While he's not sure of the exact path he will take, Ward does have one definite goal, “I don't have a picture of what or who those fights will be against. If it's up to me, I don't want to lose a fight,” before adding, “We continue to face one giant after another and managed to come out on top. To stay humble, work hard and give everything I've got in the ring and hopefully, put on some memorable performances and be mentioned amongst the great of the sport.”
Of course, Ward couldn't do it all on his own and is aided by Virgil Hunter, who is from a boxing family (both his father and granddad boxed), though most of his own boxing education has come from the amateurs. Hunter's been with his prize pupil since Ward was nine years old when they met in a small gym in Haywood, Ca. “My father took me to the gym and I started training with the house trainer and he had a different style. He had more ‘Take two punches to get one’ type of mentality.” Ward's father, who has since passed, realised this wasn't how he wanted his young son to fight. They returned the next day and Ward continued. “There Virg’ was sitting over to the side and my dad said, ‘Can you teach my son to hit and not get hit?’ It just so happened that was Hunter's specialty so the next day, they had a trial run together. Straight away, they had chemistry and Ward and Hunter have stayed together ever since. Ward speaks glowingly of his trainer, saying Hunter is more like a father figure to him, so much so that in training camp, “Sometimes we're just sitting around. We don't have to say much. He knows what I'm thinking and I know what he's thinks and that takes you a long way.”

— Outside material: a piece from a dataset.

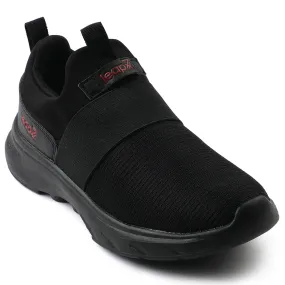 Leap7x Black Non Lacing Sports Walking Shoes For Men SENTINO By Liberty Best Gym Training Shoes 2025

It's a two-way street and Hunter, who's also Ward's Godfather (again showing the closeness of their relationship), waxes lyrical about his charge at any chance. “He can go as far as he wants in life. The sky's the limit. I believe he's probably going to be a minister one day. As far as boxing's concerned, I think the sky's the limit. I think we've probably only seen 70% of what he'll end up being. I see nothing but upside.” 

Something that clearly plays a big part in Ward's psyche is his belief in religion. He's a God-fearing Christian who regularly attends church and also plays an active role in promoting his faith. It helps him to see past boxing, something he believes one day will be an even bigger part of his life. His faith is what one day will help him know when it's time to leave the ring for good. Ward’s pastor, Napoleon “Nip” Kaufman, was once a sports star like Ward, playing running back for the Oakland Raiders. After several years, he decided his calling to church surpassed his desire to play American football. While many boxers struggle with life away from the ring, Ward has several aspirations including ministry, broadcasting and TV, all of which will help him make the transition to civilian life. He tries to keep a healthy balance. “I love the media, the fans. I love when it’s my turn under those lights to perform but I think I would be OK if I didn't have it.”

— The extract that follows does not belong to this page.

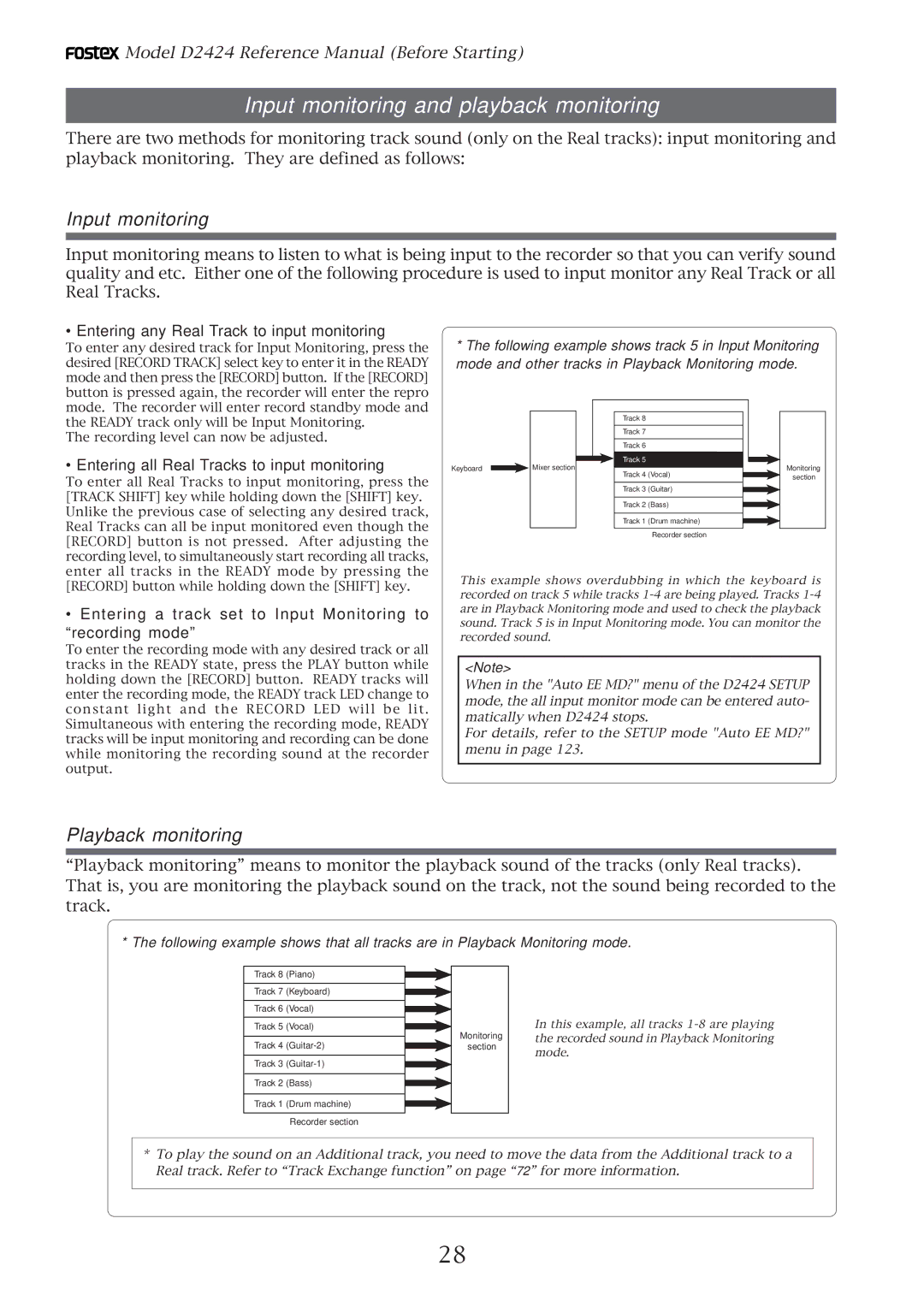 Fostex D2424 manual Input monitoring and playback monitoring, Playback monitoring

Though he doesn't like to get drawn too much into a time scale, Ward estimates, “I want three to five more years in the sport. I want to be able to walk away with everything intact, finances, my faculties.” He hopes at that time, he can give back to the sport that has helped him for so long. “When all is said and done, for Andre Ward to be able to look back on a sport that has been very good to me and give back to the sport as a whole.”

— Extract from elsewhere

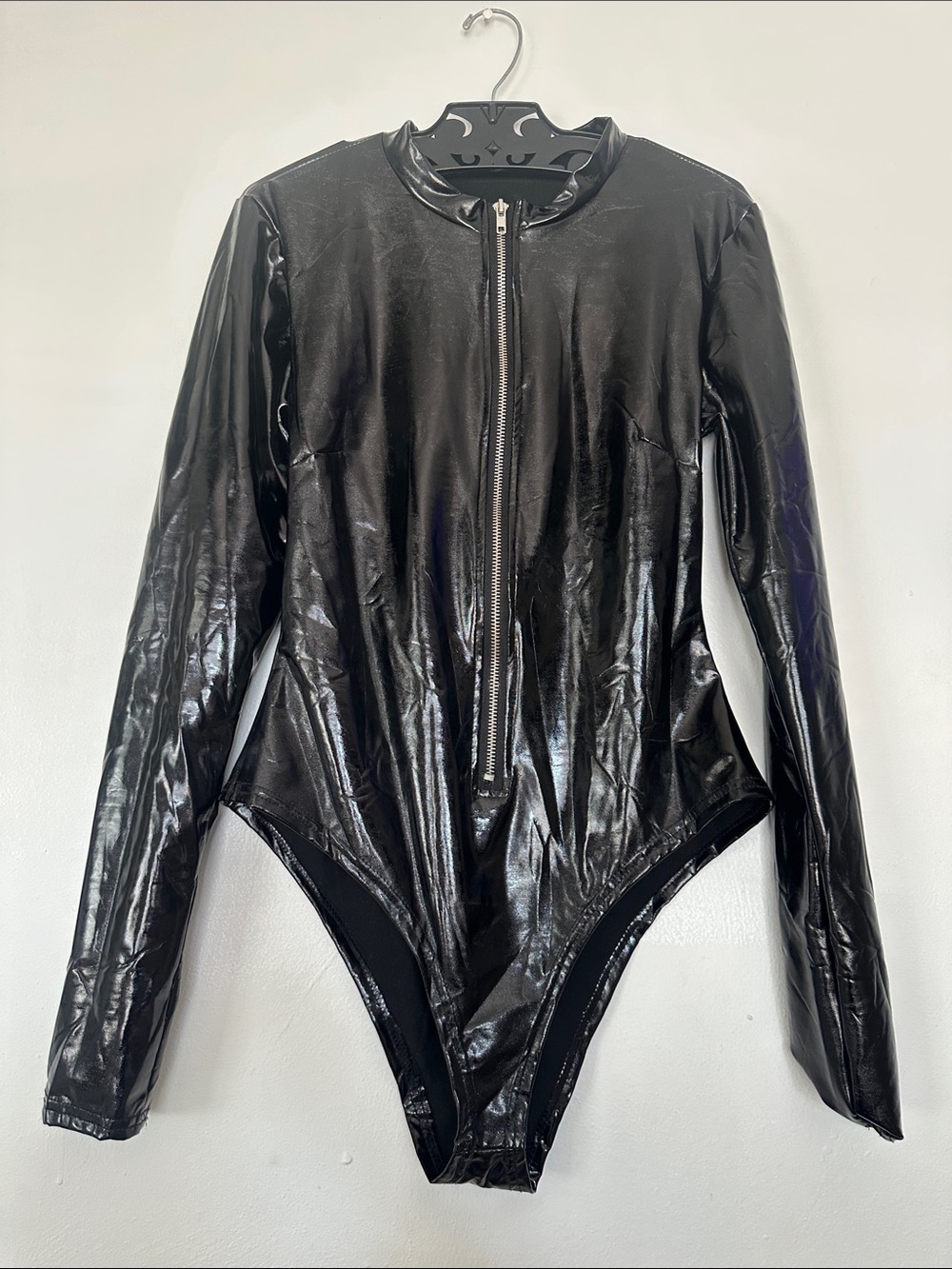 Black Long-Sleeve Faux Leather Zip-Front Bodysuit Sz S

Ward has dedicated his life to his chosen craft since he was nine years old. Now some 18 years later, he is inching his way to the very top of the sport. One day, he hopes to make the coast-to-coast trip to Canastota, New York to the International Boxing Hall of Fame. “The key to me is to one day walk into the Hall of Fame, not limp into the Hall of Fame.” It is, after all, where all the great ones end up adding, “I want to retire from the sport, not let the sport retire me.” Time will tell just where Ward ends up. So far, he's done all that can be asked of him.